-- Task item --
Pictures aside, can you reproduce the records word for word?

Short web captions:
BEGIN
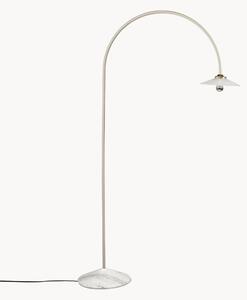 Ręcznie wykonana lampa podłogowa z marmurową podstawą Moou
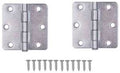 DOOR HINGE SCREEN SET ZN PLT  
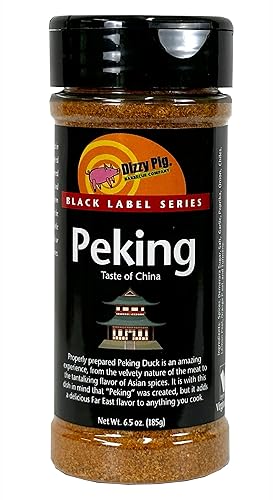 Dizzy Pig Peking Chinese-Style Seasoning Rub (8oz Shaker) - Seasons 30+lbs of Food - Hand Made in the USA - MSG Free, Gluten Free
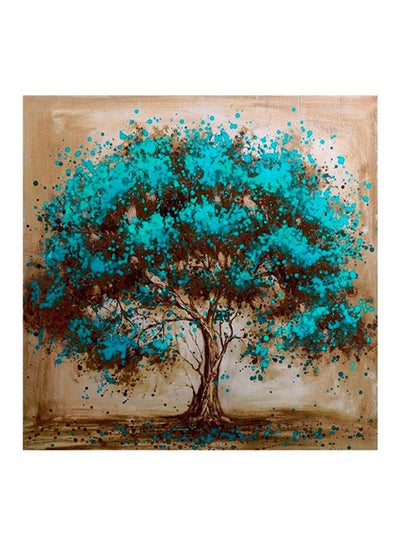 Buy Tree Resin Rhinestone Mosaic Cross Stitch Wall Decor Multicolour 25 x 25cm in UAE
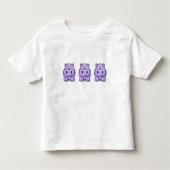 Cute Lavender Hippo Kinder Shirts (Voorkant)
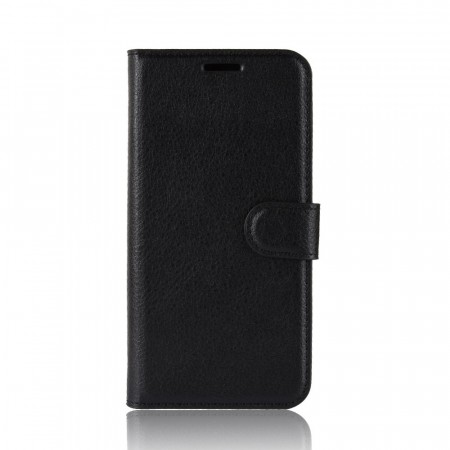 Lommebok deksel for Motorola Moto E5 Plus svart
END
-- Exercise output --
 Ręcznie wykonana lampa podłogowa z marmurową podstawą Moou
 DOOR HINGE SCREEN SET ZN PLT  
 Dizzy Pig Peking Chinese-Style Seasoning Rub (8oz Shaker) - Seasons 30+lbs of Food - Hand Made in the USA - MSG Free, Gluten Free
 Buy Tree Resin Rhinestone Mosaic Cross Stitch Wall Decor Multicolour 25 x 25cm in UAE
 Cute Lavender Hippo Kinder Shirts (Voorkant)
 Lommebok deksel for Motorola Moto E5 Plus svart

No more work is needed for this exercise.